For further analysis of our results of operations for fiscal years 2011, 2010, and 2009, and our financial position
as of May 31, 2011, refer to the tables and analysis in the “Results of Operations” and “Liquidity and Capital
Resources” sections of this Item 7 and the discussion in the “Critical Accounting Policies” section of this Item 7.
Outlook
Our outlook for fiscal 2012 is based upon current economic and interest rate conditions continuing with no
significant changes. Consistent with our policy regarding guidance, our projections do not anticipate or speculate on
future changes to interest rates. Our fiscal 2012 guidance reflects anticipated results for SurePayroll and ePlan. The
anticipated service revenue impact is approximately 2% and the earnings dilution is expected to be approximately
$0.01 per share, mainly due to amortization of acquired intangible assets. Our fiscal 2012 guidance is as follows:
Low High
Payroll service revenue. ......................................... 5% — 7%
Human Resource Services revenue ................................. 12% 15%
Total service revenue . . ......................................... 7% — 9%
Interest on funds held for clients ................................... (14)% — (12)%
Investment income, net. ......................................... — 2%
Net income .................................................. 5% — 7%
Operating income, net of certain items, as a percentage of service revenue is expected to range from 35% to
36% for fiscal 2012. The effective income tax rate is expected to approximate 35% for fiscal 2012.
Interest on funds held for clients and investment income for fiscal 2012 are expected to be impacted by the
continuing low-interest-rate environment.
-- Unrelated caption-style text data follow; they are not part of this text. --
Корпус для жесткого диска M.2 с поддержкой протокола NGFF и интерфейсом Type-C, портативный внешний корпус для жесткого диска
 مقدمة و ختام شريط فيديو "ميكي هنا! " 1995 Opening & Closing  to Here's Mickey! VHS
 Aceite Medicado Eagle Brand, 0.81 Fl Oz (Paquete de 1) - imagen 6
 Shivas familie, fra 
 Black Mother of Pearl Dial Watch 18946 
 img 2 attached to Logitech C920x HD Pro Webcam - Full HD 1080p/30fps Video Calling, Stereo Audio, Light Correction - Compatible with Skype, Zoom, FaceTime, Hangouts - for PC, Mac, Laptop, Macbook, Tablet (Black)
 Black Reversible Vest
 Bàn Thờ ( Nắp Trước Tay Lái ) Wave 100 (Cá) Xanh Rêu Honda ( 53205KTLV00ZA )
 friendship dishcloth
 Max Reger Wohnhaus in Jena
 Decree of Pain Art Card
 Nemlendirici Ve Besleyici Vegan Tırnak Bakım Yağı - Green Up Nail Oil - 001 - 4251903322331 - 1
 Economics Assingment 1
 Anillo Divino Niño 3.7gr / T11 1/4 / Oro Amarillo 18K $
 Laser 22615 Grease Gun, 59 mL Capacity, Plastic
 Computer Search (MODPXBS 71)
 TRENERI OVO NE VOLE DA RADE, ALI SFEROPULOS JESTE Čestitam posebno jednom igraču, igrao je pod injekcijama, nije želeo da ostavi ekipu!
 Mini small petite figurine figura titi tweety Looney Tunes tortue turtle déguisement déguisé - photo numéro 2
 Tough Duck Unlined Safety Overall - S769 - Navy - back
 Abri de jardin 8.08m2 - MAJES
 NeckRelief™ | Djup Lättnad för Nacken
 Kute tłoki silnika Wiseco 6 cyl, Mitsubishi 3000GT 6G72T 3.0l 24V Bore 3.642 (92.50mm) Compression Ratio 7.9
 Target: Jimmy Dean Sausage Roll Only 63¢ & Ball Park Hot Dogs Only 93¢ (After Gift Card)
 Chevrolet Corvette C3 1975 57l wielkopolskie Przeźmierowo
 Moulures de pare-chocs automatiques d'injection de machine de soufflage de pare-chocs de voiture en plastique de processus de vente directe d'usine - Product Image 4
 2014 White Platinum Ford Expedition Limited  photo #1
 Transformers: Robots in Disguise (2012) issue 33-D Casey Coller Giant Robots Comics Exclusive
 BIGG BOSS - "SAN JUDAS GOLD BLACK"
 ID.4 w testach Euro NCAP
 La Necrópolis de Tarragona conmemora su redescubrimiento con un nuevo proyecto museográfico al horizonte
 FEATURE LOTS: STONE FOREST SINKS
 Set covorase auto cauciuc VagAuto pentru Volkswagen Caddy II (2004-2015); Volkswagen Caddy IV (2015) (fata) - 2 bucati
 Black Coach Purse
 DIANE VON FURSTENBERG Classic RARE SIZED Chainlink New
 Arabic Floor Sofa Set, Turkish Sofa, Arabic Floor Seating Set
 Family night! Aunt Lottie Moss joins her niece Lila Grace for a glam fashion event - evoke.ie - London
The average rate of return on our combined funds held for clients and
corporate investment portfolios is expected to be 1.2% for fiscal 2012. As of May 31, 2011, the long-term
investment portfolio had an average yield-to-maturity of 2.6% and an average duration of 2.4 years. In the next
twelve months, slightly more than 20% of this portfolio will mature, and it is currently anticipated that these
proceeds will be reinvested at a lower average interest rate of approximately 1.0%. Investment income is expected to
benefit from ongoing investment of cash generated from operations, though at a lower growth rate as a result of cash
outlays in fiscal 2011 for business acquisitions.
Under normal financial market conditions, the impact to our earnings from a 25-basis-point increase or
decrease in short-term interest rates would be in the range of $3.5 million to $4.0 million, after taxes, for a twelve-
month period. Such a basis point change may or may not be tied to changes in the Federal Funds rate.
Purchases of property and equipment for fiscal 2012 are expected to be in the range of $90 million to
$95 million. This includes costs for internally developed software as we continue to invest in our product
development. Fiscal 2012 depreciation expense is projected to be in the range of $75 million to $80 million, and we
project amortization of intangible assets for fiscal 2012 to be in the range of $20 million to $25 million. Intangible
assets acquired from SurePayroll and ePlan are expected to increase amortization expense for fiscal 2012, partially
offset by the impact of fully amortized intangibles.